Ninagawa’s ‘Cymbeline’

‘Epic’ is the only word I can use to describe Yukio Ninagawa’s Cymbeline at the Barbican. The story, the cast, the set, the music… epic. In fact, since I saw the play last week, I’ve been searching for more words to use in order to write this post, but I’ve been struggling.

Sitting right up in the gallery, I looked down on the action and became lost in another world before the play even began. All of the cast were on stage when the audience entered, in a mock-dressing room setting, just milling around. When the play was about to begin, they all lined up, ripped off their dressing gowns and yukatas, and revealed their costumes. The set dramatically swirled around and changed from the dressing room into a palace setting (later swirling around again to become various other settings, including a cave). Once the action kicked in, I soon forgot that the cast were speaking Japanese and I was reading surtitles. It was Shakespeare at it’s finest, no matter what language it was in.

The only negative comments I would have about the production were that it was very, very long, and that the theatre was incredibly hot. Other than those minor things, it was faultless.

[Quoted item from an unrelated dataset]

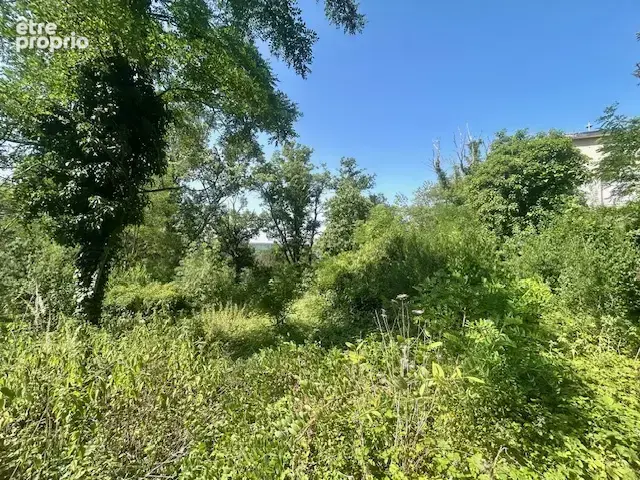 Montlhery - terrain de 5 000 m2 avec deux maisons édifiées sans pc - gros travaux à prévoir - photo 11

Before seeing this production of Cymbeline I had heard wonderful things about director Yukio Ninagawa, who is renowned for his Japanese language productions of Shakespeare plays as well as Greek tragedies and modern Noh plays. Ninagawa made his debut as a director in 1969 with Shinjo afururu keihakusa (‘genuine frivolity’) and has directed over 60 plays since. Ninagawa and his theatre company are closely associated with the Barbican theatre in London, and Ninagawa has directed a number of plays in the theatre including a Grand Kabuki interpretation of Twelfth Night in 2009, which I wish I had seen. Thelma Holt, CBE, a Producer who has worked with Ninagawa for 25 years, says, “I wish that all young people when they see their first Shakespeare play, could be lucky enough to see a Ninagawa production. They would then be truly hooked for the rest of their lives.” I can’t help but agree!

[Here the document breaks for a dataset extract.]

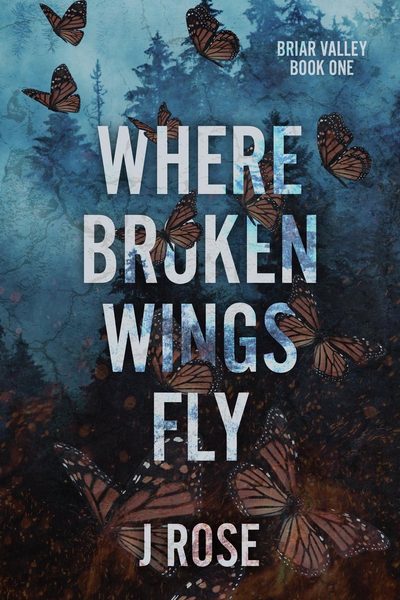 Where Broken Wings Fly (Briar Valley, #1)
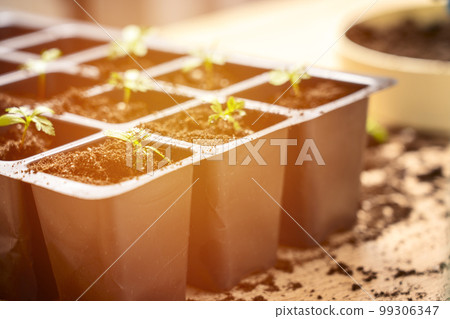 preparation of seedlings, the season of planting vegetables, a concept 99306347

In the Cymbeline programme, Ninagawa comments, “Whenever I direct a Shakespeare, I always feel a small sense of shame. What occasions this emotion? I believe it is attributable to a recurring worry and fear: do I really understand a culture that is so very different from my own? My fellow countrymen have appeared in all the Shakespeare productions I have directed and this may well have contributed and added to my small sense of shame.” The director goes on to say that, until this production of Cymbeline, he has never been guilty of changing any words of Shakespeare in his productions. However, in this particular play, Ninagawa changed “cedar tree” to “pine tree” as a nod to the solitary pine tree that remained standing in Miyagi after the 2011 earthquake and tsunami in Tohoku. In the final scene of Cymbeline everyone gathers in front of the tree, resolving to come together and forgive. Ninagawa said that he wanted to “find hope in this pine tree” and that he hoped Shakespeare would forgive him for his minor alteration.

This production of Cymbeline was part of the World Shakespeare Festival 2012 and part of the London 2012 Festival programme at the Barbican.